I have recently put my house on the market to be sold and during the inspection process, I was told that "the ceramic heat shield at the rear of the fireplace is severley cracked and should be replaced before use - the fireplace is unsafe in this condition".  

My question is if the replacement of the cracked refractory panel which is VERY cracked, as the pieces seem ready to fall off in many places, is something I can do on my own or do I need to hire someone to do it?  Also, I don't knwo the brand of my fireplace so I can't look for a specific refractory panel, therefore I am confused as if this is something I can buy at Home Depot/Lowes/etc. or it is a specialty item that I need to get somewhere else?

Finally, if I do go ahead and replace it, is there any word of caution or of special interest as to what to do / not to do?

I am quite a DIY, by having done carpentry, floors, ceramic, wiring, plumbing, etc. but I don't want to make the house unsafe for the new owners in the future.

Any thougths?

Best regards,


GM


----------



## spot (Nov 14, 2006)

Post a pic if you can and maybe someone will be able to recognise you fireplace model.

Otherwise look at the smoke baffle in the firebox.  The baffle is just a strip of metal that runs along the front-inside-top of the firebox right behind the sliding screen.
The plate with the make model etc. will be riveted to it.  It will be covered in soot and therefore hard to find and very hard to read.  Wipe it off and write down the manufacturer name, model name, model #, size, etc.  Measure the rear panel too as sometimes they are referred to by size.
Call your local fireplace dealer with this info (H.D. and Lowes won't have it) and they should be able to order the rear refractory panel.  You can also go online to your particular manufacurers site and get it there.

I had to replace mine and it was only 23 bucks!

There should be only _one_ screw on _one_ metal clip holding the refractory panel in place -so it is easy to remove the old one and put in new.  Be careful and wear gloves when removing the old panel as the broken edges are sharp!  I think I recall needing to remove the two side panels just to get the new back panel in place as it is kinda tucked behind the side panels.
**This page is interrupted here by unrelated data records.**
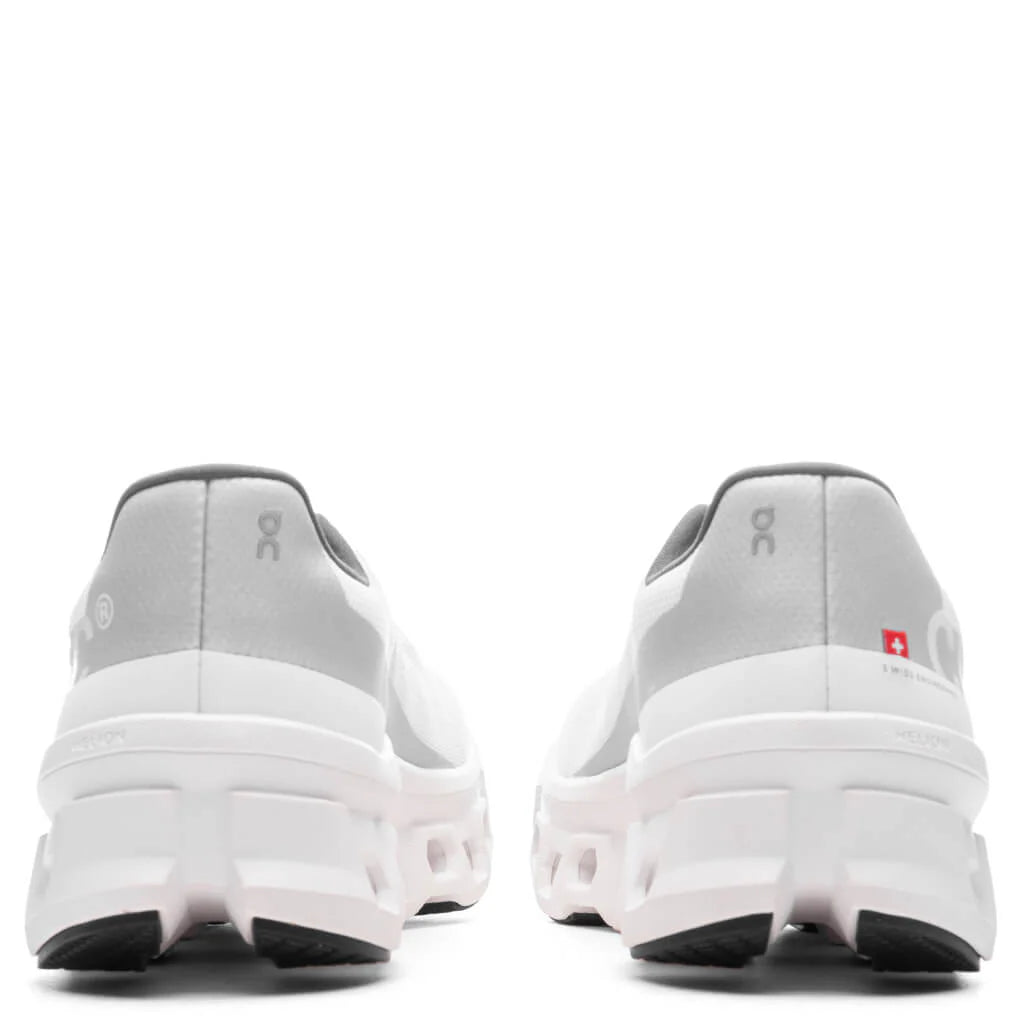 Womens Cloudmonster Undyed White White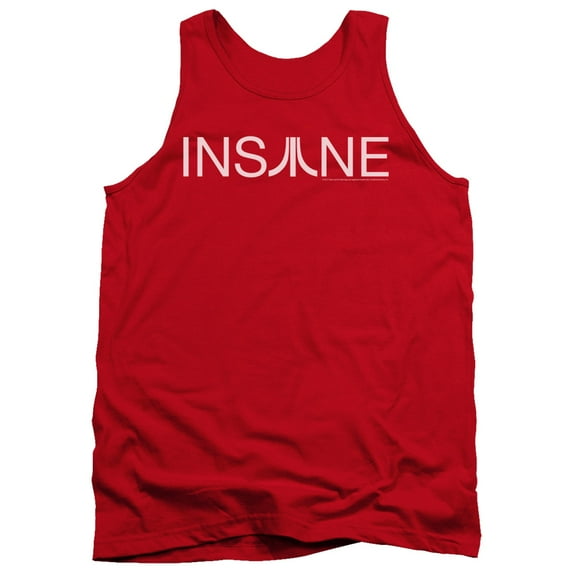 Atari Insane Adult Tank Top Red
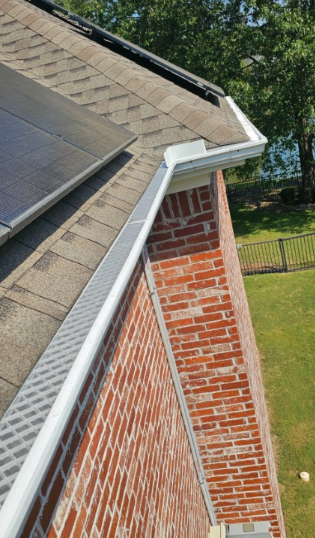 Rain Drain Gutter Solutions Image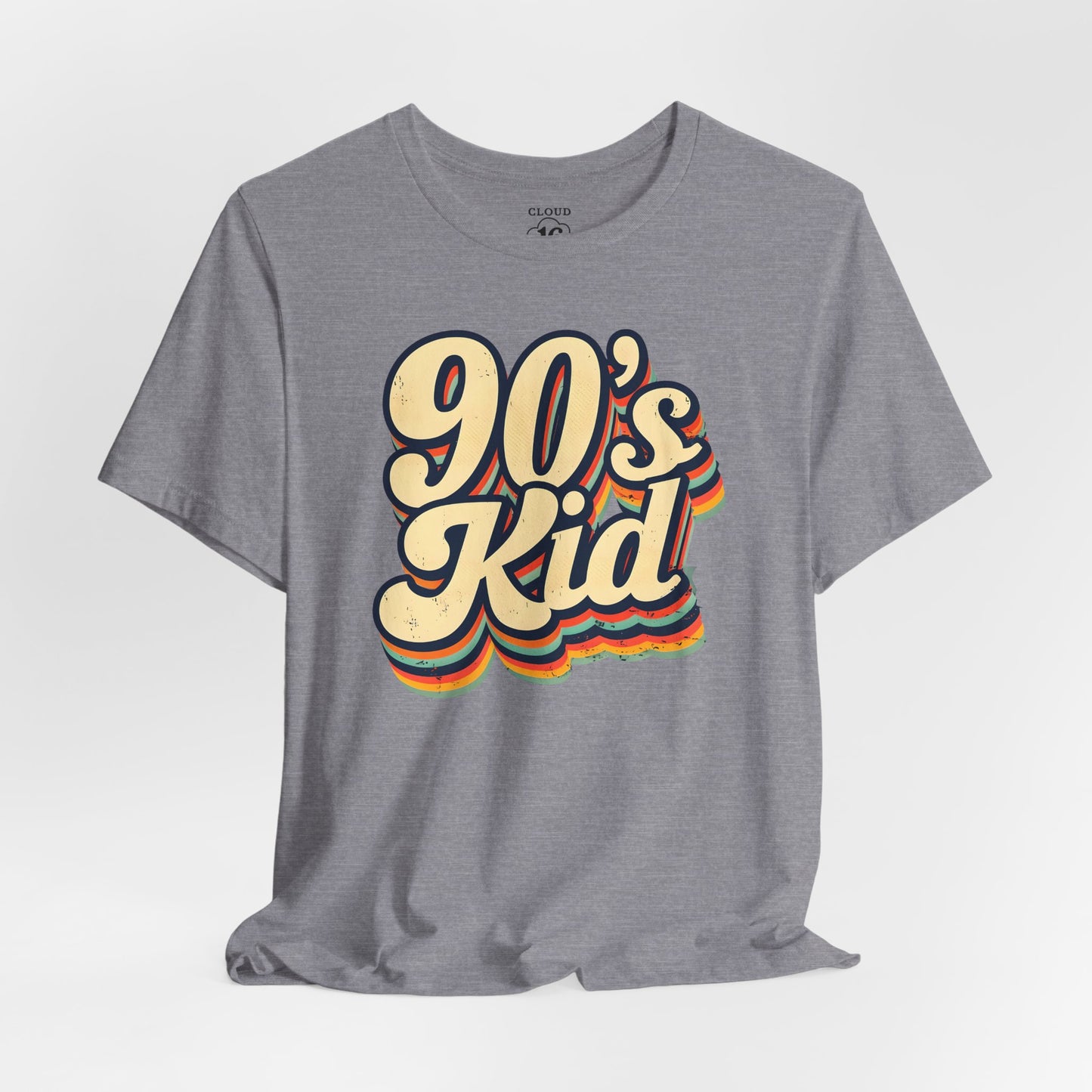 90s Kid Unisex T-Shirt - Vintage Retro Throwback Tee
One final note: refractory panels are fragile as heck!  Treat the new one like a fine china platter.


----------



## webbie (Nov 14, 2006)

Many chimney sweeps can do this job - a few companies sell "blanks" and they can be cut to size with a circular saw.


----------



## speedx (Nov 14, 2006)

Thanks for the information.  I looked at my firebox (I guess that is the correct name) and the only things I could pull out is:
X-906197
2774
8859
008  0

I can't see a name for the manufacturer at all in the plate (it seems it was painted or something similar).  I don't know if this information is useful at all.

Best regards,


GM


----------